Of course, there are days when I don’t read, but that’s completely fine. Sometimes, I come home later and am dead tired; of course I won’t force myself to read. I read 5-7 days a week.
Interestingly, building the habit of reading every day has unintentionally helped me build some other great habits too…
I sleep at 11 PM and wake up at 7 AM every day.
Because reading is such a peaceful activity for me, I will doze off if I am sleepy—no, it doesn’t mean the books I read are boring, haha.
In order to focus on reading, I need to be awake and alert. In order to be awake and alert, I need to get enough sleep the previous night. Weirdly, I developed the habit of sleeping for eight hours and having a set bedtime. I looked forward to reading so much that I made sure I got in bed at around 10:30 PM so I could do it. If I got into bed any later than that, I would fall asleep while reading.
I sleep for eight hours a day, 6-7 days a week now. It’s so great because I can feel the difference in my energy levels. I feel so energized during the day and during lectures at school, I no longer have to stop myself from dozing off.
I know that I function best on eight hours of sleep, so I quit procrastinating.

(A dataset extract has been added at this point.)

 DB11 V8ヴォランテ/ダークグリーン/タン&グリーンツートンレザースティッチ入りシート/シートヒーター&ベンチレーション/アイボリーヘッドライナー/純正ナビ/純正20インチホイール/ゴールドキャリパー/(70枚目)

I used to be a huge procrastinator in high school. I would sleep 5-6 hours a night because I had procrastinated with my homework. In university, I got a little better sleeping 6-7 hours a night, but I knew that actually needed eight hours of sleep to be functioning my best. It was so hard to change.
Interestingly, because I knew that I function best on eight hours of sleep, I made sure that I finished all my work ahead of time and I seldom procrastinate anymore. Last term, I never stayed past midnight doing homework, booyah! I also got a lot of other things done, such as setting up this website, catching up with 30 of my good friends over lunch/dinner/snacks (I haven’t seen any of them for seven months because of exchange) and helping my mom move houses.

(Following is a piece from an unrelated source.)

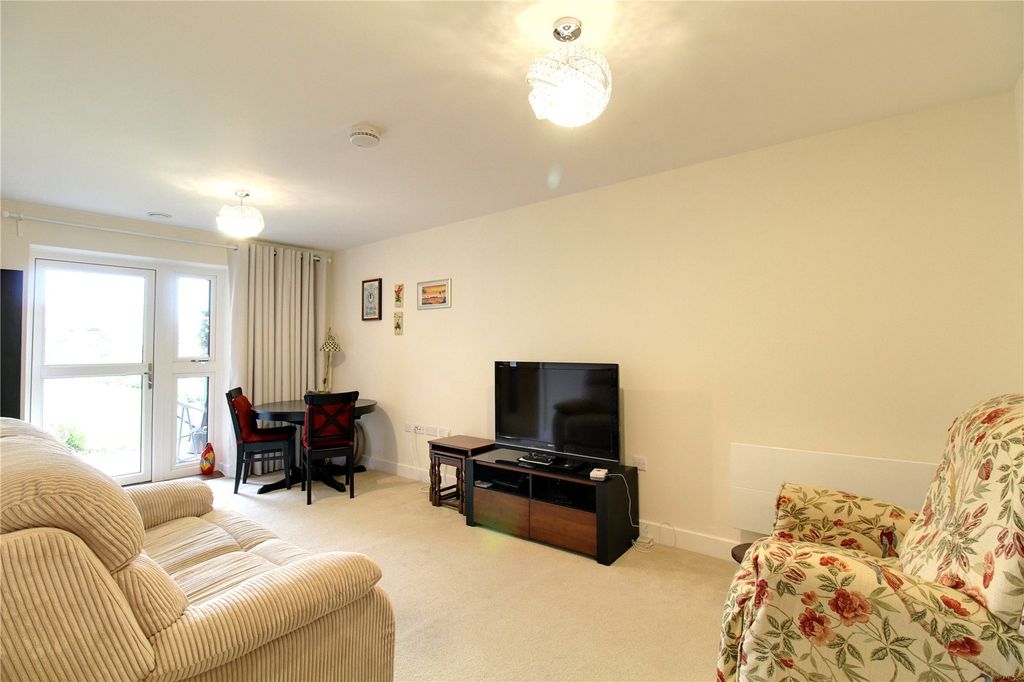 Property photo 2 of 21 Picture No. 01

I no longer spend hours watching YouTube videos, reading random articles online or scrolling on Facebook!
I developed a morning routine that let me train for a half marathon six days a week.
One of my most important takeaways from The Habit Course is the importance of routine. When we build routines—for example, morning routines—we automate parts of our life into routine so that we can spend our precious energy on other crucial things.
I can give you a small example of how a small change in my routine freed up my energy for other things. Before taking The Habit Course, I used to jog in Central Park and change my route every day so I wouldn’t be bored with the same scenery every day. In the course, the instructors encouraged us to experiment with small changes in our routine so that we could save energy—the energy that would otherwise be used to make an unimportant decision such as which route to take during a morning jog.
So, I tried! I designed a route that I would run every single time I went to Central Park. I found that doing this gave me more energy to think about how fast or slow I should be running to train the most effectively for the half marathon.
After the marathon was over, I started using that saved-up energy during my morning runs to plan out my day, brainstorm solutions for problems in my life and think about the future.
Habits are important!
The smallest of habits can make a huge difference when you add them all up. I highly recommend The Habit Course if you want to be more productive, use your time more wisely or just have a better lifestyle overall! The course gave me many things to think about and try out, and I believe that everyone who takes it will find it valuable. If you aren’t in Vancouver, you can read The Power of Habit to start you off! It’s still January so you can get on those new year’s resolutions! You can do it!